Environmental and Public Protection Cabinet
State honored for mine reclamation project
FRANKFORT, Ky. (Sept. 21, 2005) - The Kentucky Division of Abandoned Mine Lands (AML) has received the National Award for Outstanding Reclamation for the cleanup of a 60-acre coal refuse dump in Floyd County.
In addition, the project - Spewing Camp Branch - received a People’s Choice Award and the Appalachian Regional Award for Outstanding Reclamation from the federal Office of Surface Mining.
The Spewing Camp Branch refuse dump, one of the worst remaining abandoned mine sites in eastern Kentucky, involved the reclamation of an area that had been idle since 1973.
"The completion of this project eliminated the hazards associated with this AML site," said Susan Bush, commissioner of the Department for Natural Resources. "Citizens downstream from the site no longer see coal waste eroding into the creek and causing periodic flooding and water quality problems.
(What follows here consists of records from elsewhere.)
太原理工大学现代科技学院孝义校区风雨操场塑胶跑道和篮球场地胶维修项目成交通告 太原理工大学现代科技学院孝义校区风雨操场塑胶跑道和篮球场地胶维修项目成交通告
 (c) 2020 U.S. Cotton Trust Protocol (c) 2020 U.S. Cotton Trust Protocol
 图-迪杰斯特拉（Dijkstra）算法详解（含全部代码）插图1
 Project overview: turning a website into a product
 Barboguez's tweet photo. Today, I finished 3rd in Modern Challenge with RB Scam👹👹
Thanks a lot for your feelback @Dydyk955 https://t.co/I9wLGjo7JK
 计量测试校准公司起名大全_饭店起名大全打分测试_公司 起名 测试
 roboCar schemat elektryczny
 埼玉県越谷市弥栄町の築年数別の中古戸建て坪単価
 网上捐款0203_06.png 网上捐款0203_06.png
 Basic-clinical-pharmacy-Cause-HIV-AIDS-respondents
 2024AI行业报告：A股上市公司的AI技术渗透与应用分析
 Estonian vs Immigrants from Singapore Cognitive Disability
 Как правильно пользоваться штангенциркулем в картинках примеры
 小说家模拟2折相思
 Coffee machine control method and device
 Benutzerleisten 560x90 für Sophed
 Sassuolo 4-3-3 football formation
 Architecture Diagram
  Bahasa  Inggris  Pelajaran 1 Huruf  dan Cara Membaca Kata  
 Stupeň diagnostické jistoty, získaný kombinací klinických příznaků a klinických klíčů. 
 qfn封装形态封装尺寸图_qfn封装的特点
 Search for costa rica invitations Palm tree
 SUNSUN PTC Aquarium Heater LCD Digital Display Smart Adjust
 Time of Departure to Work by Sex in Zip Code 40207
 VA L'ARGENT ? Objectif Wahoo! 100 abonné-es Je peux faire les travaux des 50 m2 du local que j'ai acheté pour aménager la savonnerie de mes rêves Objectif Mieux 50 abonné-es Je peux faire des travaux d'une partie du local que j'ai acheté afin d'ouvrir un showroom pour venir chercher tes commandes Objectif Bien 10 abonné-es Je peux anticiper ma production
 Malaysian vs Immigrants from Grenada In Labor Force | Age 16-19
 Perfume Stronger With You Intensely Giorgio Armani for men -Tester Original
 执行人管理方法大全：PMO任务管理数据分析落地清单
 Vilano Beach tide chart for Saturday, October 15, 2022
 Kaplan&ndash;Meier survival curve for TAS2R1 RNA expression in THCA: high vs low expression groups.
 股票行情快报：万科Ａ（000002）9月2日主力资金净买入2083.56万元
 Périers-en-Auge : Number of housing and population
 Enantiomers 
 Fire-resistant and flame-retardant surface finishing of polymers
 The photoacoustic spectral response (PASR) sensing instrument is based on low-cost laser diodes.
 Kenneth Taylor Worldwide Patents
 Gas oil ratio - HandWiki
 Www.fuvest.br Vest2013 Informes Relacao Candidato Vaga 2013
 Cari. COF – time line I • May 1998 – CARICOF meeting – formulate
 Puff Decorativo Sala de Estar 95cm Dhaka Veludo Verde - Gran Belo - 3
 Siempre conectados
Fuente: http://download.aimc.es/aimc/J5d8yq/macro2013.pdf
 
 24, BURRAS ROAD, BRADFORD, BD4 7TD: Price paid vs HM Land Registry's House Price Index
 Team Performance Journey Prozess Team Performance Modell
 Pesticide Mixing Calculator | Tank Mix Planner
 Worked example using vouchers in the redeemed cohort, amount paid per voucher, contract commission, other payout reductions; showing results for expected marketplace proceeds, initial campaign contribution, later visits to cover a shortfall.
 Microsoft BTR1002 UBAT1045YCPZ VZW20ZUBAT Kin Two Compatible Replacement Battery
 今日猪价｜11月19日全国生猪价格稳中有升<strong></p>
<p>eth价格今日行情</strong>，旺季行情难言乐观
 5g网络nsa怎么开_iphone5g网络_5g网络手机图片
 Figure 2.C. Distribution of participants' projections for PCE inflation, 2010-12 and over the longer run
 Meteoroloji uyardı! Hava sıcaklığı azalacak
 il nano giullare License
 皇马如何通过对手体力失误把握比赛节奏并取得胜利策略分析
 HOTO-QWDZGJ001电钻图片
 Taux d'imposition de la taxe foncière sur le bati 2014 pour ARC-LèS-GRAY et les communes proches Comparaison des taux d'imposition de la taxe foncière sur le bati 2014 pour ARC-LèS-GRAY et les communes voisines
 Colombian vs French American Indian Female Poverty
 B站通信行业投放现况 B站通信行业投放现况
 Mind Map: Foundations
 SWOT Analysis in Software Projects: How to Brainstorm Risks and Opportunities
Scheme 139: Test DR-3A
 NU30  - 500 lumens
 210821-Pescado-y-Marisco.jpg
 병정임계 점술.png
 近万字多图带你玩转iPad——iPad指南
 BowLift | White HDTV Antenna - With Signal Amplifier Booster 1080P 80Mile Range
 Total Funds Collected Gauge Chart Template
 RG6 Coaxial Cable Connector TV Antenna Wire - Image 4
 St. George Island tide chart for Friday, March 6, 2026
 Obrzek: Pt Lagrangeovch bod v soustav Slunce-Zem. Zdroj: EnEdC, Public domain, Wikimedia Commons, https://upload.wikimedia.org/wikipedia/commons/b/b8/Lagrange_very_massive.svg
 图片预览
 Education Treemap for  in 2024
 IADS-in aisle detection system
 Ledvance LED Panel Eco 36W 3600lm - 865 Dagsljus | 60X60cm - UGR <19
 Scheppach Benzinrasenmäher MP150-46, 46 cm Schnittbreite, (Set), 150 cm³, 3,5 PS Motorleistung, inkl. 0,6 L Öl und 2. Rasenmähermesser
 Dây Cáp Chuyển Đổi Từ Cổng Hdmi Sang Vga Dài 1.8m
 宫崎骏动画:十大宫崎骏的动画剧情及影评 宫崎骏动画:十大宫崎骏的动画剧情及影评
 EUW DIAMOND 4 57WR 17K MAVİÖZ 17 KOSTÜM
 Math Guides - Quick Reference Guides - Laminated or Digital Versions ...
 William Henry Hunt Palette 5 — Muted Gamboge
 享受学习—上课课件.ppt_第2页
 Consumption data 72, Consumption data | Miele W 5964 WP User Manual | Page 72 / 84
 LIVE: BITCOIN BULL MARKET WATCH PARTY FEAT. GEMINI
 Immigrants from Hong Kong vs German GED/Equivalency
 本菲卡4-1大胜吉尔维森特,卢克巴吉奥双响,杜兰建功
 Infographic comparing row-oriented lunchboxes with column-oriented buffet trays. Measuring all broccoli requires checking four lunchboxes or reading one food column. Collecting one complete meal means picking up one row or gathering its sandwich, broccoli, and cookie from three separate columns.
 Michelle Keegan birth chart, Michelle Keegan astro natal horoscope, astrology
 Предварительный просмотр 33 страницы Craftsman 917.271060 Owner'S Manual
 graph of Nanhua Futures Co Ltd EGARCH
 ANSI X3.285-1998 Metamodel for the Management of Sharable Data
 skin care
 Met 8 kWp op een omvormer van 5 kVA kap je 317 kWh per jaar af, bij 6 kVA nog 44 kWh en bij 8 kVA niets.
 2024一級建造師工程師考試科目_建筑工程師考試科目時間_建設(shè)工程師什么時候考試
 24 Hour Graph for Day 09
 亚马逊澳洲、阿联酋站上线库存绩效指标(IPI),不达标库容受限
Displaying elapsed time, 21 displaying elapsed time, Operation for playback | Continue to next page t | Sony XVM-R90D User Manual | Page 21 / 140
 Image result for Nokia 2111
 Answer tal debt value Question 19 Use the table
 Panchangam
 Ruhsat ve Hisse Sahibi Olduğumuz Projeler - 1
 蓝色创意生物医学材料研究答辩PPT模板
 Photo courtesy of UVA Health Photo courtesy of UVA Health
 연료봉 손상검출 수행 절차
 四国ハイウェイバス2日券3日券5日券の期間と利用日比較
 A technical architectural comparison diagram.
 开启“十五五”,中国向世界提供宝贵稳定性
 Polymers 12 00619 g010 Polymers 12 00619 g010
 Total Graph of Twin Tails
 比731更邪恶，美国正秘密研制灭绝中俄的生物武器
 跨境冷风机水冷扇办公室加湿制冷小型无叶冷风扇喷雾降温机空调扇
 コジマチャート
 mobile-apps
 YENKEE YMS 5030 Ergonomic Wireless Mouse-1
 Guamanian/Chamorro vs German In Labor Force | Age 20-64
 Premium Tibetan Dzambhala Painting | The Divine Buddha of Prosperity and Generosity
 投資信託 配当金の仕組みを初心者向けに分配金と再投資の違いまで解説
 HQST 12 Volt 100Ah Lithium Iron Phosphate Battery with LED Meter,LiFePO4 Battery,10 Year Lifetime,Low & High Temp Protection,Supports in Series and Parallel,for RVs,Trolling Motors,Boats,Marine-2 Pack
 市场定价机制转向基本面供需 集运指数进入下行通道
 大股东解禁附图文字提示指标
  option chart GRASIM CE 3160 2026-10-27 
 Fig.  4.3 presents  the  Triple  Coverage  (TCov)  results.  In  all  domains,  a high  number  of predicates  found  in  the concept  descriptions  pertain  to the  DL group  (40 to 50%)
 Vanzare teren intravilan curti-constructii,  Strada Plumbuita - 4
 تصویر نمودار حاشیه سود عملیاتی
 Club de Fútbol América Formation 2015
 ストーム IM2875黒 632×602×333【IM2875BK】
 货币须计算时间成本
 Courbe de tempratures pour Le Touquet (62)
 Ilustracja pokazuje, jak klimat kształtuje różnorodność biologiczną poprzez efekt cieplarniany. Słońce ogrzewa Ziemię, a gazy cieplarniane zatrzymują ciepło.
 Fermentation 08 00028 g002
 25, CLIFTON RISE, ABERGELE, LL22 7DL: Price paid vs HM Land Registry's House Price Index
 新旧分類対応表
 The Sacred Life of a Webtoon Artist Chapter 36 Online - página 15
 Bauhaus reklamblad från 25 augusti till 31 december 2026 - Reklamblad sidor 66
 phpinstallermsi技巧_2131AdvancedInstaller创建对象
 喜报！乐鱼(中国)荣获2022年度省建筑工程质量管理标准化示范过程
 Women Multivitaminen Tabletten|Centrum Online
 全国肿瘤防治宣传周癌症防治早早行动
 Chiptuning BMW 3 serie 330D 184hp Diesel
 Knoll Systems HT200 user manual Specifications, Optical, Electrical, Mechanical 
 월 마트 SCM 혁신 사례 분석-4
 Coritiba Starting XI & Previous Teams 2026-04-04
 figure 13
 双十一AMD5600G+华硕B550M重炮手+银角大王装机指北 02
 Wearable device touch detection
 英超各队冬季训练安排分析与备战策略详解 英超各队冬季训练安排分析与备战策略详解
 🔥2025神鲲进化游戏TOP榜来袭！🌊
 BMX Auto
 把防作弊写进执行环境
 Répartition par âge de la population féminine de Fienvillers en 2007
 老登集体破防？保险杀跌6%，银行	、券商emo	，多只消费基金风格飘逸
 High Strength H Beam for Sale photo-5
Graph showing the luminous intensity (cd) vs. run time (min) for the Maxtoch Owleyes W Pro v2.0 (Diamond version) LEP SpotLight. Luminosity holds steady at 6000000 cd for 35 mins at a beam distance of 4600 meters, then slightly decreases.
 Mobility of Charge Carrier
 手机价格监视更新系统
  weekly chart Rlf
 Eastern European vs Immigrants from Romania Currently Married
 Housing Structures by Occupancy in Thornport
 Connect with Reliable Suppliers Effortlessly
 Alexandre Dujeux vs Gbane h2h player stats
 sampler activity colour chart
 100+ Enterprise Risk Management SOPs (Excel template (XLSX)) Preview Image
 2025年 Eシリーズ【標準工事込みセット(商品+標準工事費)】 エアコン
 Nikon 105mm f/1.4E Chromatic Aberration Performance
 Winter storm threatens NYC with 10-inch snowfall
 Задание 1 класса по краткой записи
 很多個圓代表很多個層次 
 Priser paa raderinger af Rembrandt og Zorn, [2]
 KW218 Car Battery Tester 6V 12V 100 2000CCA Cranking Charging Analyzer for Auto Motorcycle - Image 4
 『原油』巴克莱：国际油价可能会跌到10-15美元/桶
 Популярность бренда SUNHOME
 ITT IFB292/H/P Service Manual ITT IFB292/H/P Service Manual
The site is no longer a blight and is a success attributable to the AML program in the state."
From 1952 to 1973 the site received coal refuse from a nearby coal preparation facility. Over 7 million cubic yards of refuse was dumped from an aerial tram that transported the material from the coal washer. The pile was up to 165 feet deep in the middle.
The site was formally abandoned in 1981 and had no vegetation. Erosion caused coal sediment to wash into a stream, clogging the channel and polluting the water more than a mile away into the Left Fork of Beaver Creek. Giant gullies over 10 feet deep eroded into the sides of the refuse pile.
The Kentucky AML program began construction work on the site in late 2002 under a contract with Hawkeye Construction Co. LLC, of Robinson, Ky. Hawkeye completed the majority of the reclamation within a year and the contract was closed in October 2004.
The project cost $3,571,367, which included the cost of two satellite projects to generate an earthen cover for the large mine dump.